What Policymakers See

By Jean Cook, Director of Programs for Future of Music Coalition
Tim, Bill and Esther touch on very smart points when they ask about representation. 

In her post, Yolanda names some groups that are addressing copyright, internet and media issues.  But who is specifically representing the creative community's interests?

It's instructive to look at the public record.

Every four years the FCC asks the public to weigh in questions like - how many radio stations should a single company be allowed to own?  How does ownership impact the health of local communities, or diversity on the airwaves?  How are communities using radio?  Why is it important?  Of the 158 comments filed in the recently closed Media Ownership proceeding (#09-186) at the FCC, two organizations besides FMC talked about the impact of media consolidation on the creative community: the American Federation of Television and Radio Artists and the Writers Guild of America.  Other groups traditionally speaking for our sector in this area also include the American Federation of Musicians (musicians union), the Recording Academy (Grammys), the Recording Industry Association of America (major record labels), and A2IM (independent record labels).

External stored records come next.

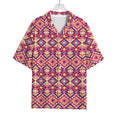 Pink Aztec Geometric Pattern Print Rayon Hawaiian Shirt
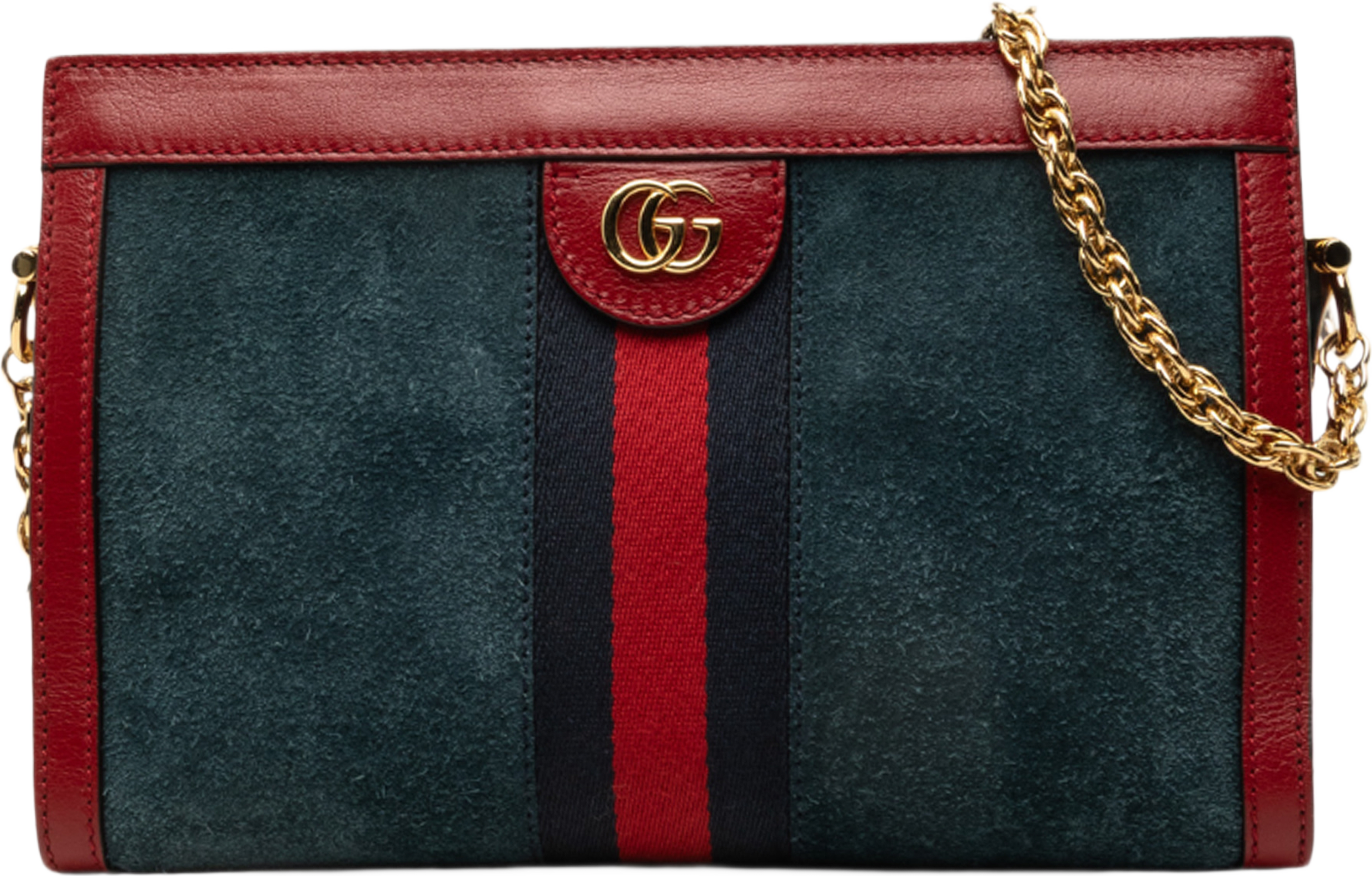 Gucci Small Suede Web Ophidia Chain Crossbody, från Luxclusif, i färgen blå. Klicka för att öppna bilden i stort format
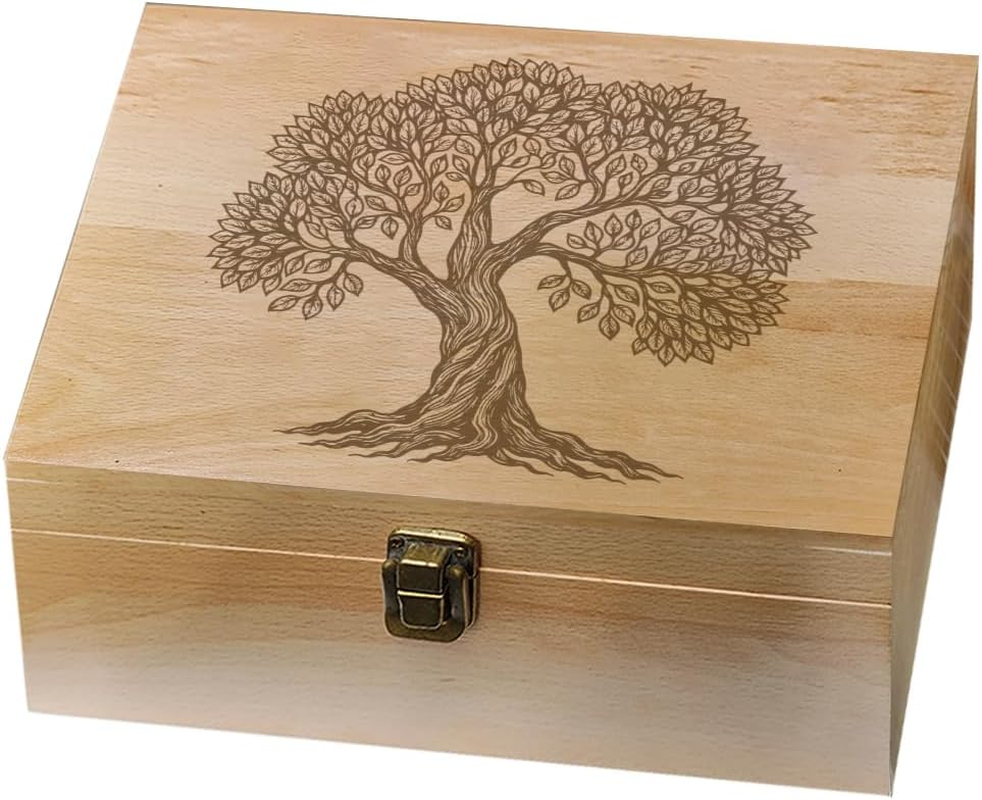 Arricraft Wooden Memory Box with Tree Pattern Decorative Wooden Memory Box with Hinged Lid for Photos Dvds Letters Capacity 24.5 X 19.5 X 10.3 Cm image number 4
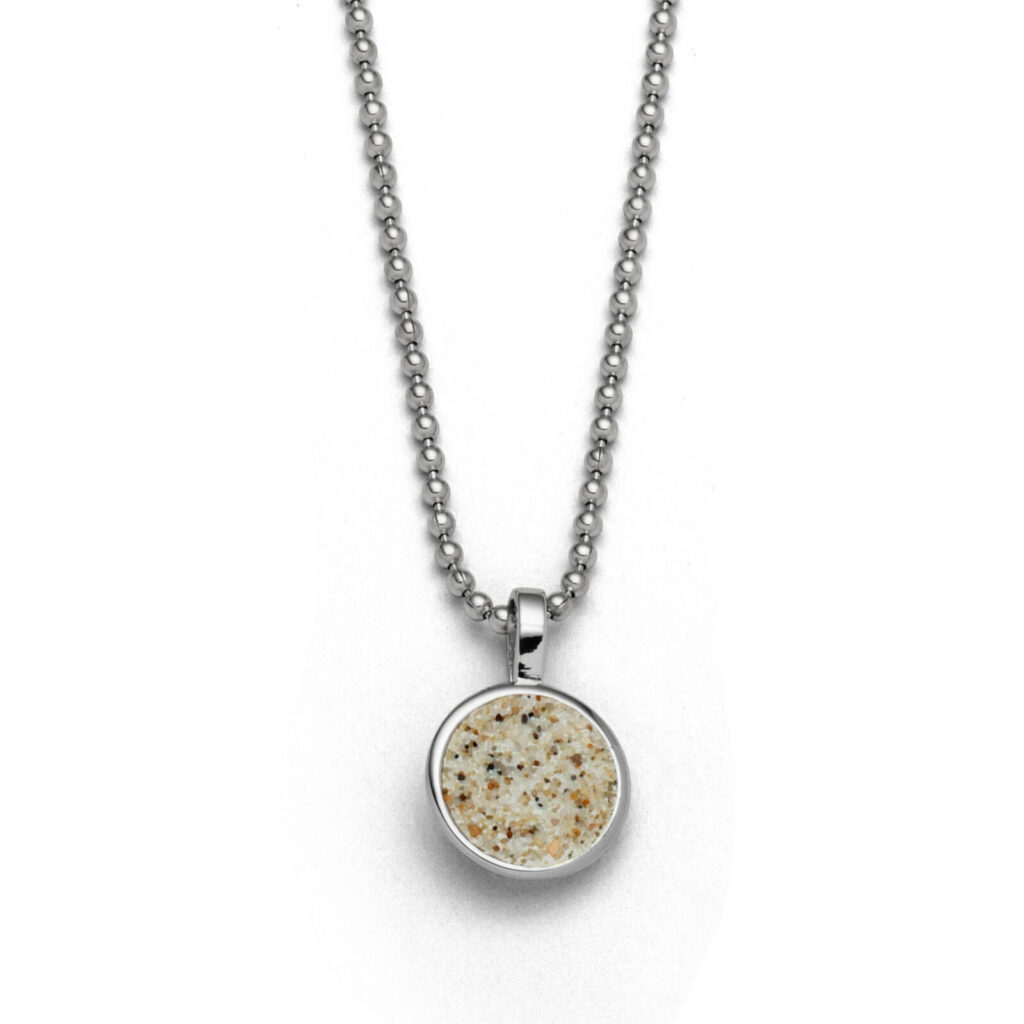 DUR Schmuck Kette SANDSCHALE Strandsand, Silber 925/- rhod.ca 42cm (K2603)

Now this is the part where you ask yourself three very important questions.

1. Do these organizations understand how this issue impacts your community?  Do you feel your interests are represented?
2. Do you disagree with the positions of any of these organizations?  Would you want to clarify your de facto tacit support of these groups?
3. Uh, where do I get the cliff notes for this?

The arts community government relations infrastructure is currently built to service five core issue areas:  NEA funding, arts education, visas, nonprofit governance, and tax issues.  There is a huge capacity gap between desire and actual ability of the arts community to engage outside this core.  Some of the capacity issues are because media ownership, net neutrality and copyright aren't black and white, like the core issue areas.  They're the vast and scary gray area.  You don't have to be a lawyer to understand these complex and nuanced issues, but you do have to be willing to do some serious detective work and put up with a lot of legalese to develop the same clarity of position outside the arts advocacy comfort zone.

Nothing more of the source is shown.